Are mobile phone apps better at diagnosing diseases than your Doctor?

The JAMA Network recently published a research paper comparing the diagnostic accuracy of a physician and a medical app. Physician error is common; the flow of information is quicker with the advent of mobile phone apps and online symptom checkers. Due to the rise of internet educated patients, people often tend to diagnose themselves.

But the question remains as to how accurate these medical apps truly are?

Similar studies were published to tackle this issue but from a different aspect.  A study published by the Journal of Electro-cardiology compared the accuracy of physicians and computers interpreting ECG graphs. The results were varied as only 13.5% of computer ECG readings (excluding pacemaker) required revision. Nevertheless, the final conclusion of computer diagnosis of paced rhythms remains problematic. Thus, computer-based electrocardiogram rhythm diagnoses remain mandatory by physicians for correct results.

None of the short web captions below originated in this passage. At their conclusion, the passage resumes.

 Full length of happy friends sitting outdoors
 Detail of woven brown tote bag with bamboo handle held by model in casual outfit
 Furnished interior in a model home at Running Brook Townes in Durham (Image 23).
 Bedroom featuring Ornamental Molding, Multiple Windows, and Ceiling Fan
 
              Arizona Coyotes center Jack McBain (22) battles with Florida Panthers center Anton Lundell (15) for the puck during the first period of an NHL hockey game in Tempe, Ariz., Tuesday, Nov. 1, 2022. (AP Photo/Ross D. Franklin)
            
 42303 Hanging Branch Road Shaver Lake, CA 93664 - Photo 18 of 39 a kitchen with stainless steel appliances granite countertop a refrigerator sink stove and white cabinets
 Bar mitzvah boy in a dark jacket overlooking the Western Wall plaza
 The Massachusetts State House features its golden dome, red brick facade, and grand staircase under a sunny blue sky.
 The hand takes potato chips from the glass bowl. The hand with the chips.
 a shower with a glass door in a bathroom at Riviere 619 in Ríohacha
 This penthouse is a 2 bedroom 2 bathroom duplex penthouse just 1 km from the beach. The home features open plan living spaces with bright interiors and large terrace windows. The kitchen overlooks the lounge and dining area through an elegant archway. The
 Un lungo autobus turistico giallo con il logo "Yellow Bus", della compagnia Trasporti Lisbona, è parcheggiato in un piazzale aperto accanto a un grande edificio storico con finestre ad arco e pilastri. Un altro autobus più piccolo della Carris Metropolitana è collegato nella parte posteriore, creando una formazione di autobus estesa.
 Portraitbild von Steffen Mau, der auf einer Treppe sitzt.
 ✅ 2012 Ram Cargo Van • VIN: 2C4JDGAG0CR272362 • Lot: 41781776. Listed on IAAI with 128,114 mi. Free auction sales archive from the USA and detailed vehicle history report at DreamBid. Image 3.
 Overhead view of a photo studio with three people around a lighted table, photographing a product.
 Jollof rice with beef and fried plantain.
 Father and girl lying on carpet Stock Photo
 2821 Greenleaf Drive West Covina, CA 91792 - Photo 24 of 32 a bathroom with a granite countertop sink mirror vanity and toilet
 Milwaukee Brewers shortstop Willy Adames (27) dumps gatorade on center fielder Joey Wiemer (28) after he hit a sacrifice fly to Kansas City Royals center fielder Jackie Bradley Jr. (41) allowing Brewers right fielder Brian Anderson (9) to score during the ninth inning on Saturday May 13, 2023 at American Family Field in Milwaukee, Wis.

The diagnostic accuracy of computers (symptom checker algorithms) vs. physicians is undiscovered. To fill this niche, a small-scale experiment was conducted. The first step was to find out which app proves to be the best. The study compared 23 different symptom checkers and came to the conclusion that Human Dx is the most accurate one amongst all. The experiment used clinical cases which included the patients’ history and symptoms but no physical examinations and lab findings. 45 clinical cases were formed which were then divided into three subsections based on their level of difficulty; easy, medium & hard. 26 cases were common and 19 were uncommon. Afterwards, the physicians were asked to submit free text ranked differential diagnoses for each. Each of the 46 clinical case was solved by 20 physicians. Finally, two external physicians hand-reviewed each of the submitted diagnoses and decided whether the applicant listed the correct diagnosis first or in the top three diagnosis.

First, physicians regularly listed the correct diagnosis across all the clinical cases compared to the symptom checkers (72.1% vs. 34.0, P<0.001). The top 3 differentials listed were 84.3% vs. 51.2%, P<0.001. The research also showed that across all the diatelier-applications-medicalesfferent levels of difficulties, physicians were more likely to correctly diagnose the harder clinical cases and even more likely to correctly diagnose the uncommon clinical cases. On the other hand, the symptom checkers were more likely to correctly diagnose easier clinical cases and the common case.

This study was the first ever direct comparison between doctors and apps. It concluded that physicians greatly outperformed computer algorithms in diagnostic accuracy. However, it should be noted that the clinical cases presented did not contain: lab results, radiological findings, physical findings etc. Thus, these clinical cases did not reflect the real complexities of patients. For in-depth findings, we would need to further evaluate the strengths of symptoms checkers and research their true effective advantage. Once we know how to implement them correctly in the medical field, this will potentially enable physicians to diagnose even more effectively. Until proven otherwise, there is no substitute to a medical doctor and a medical team.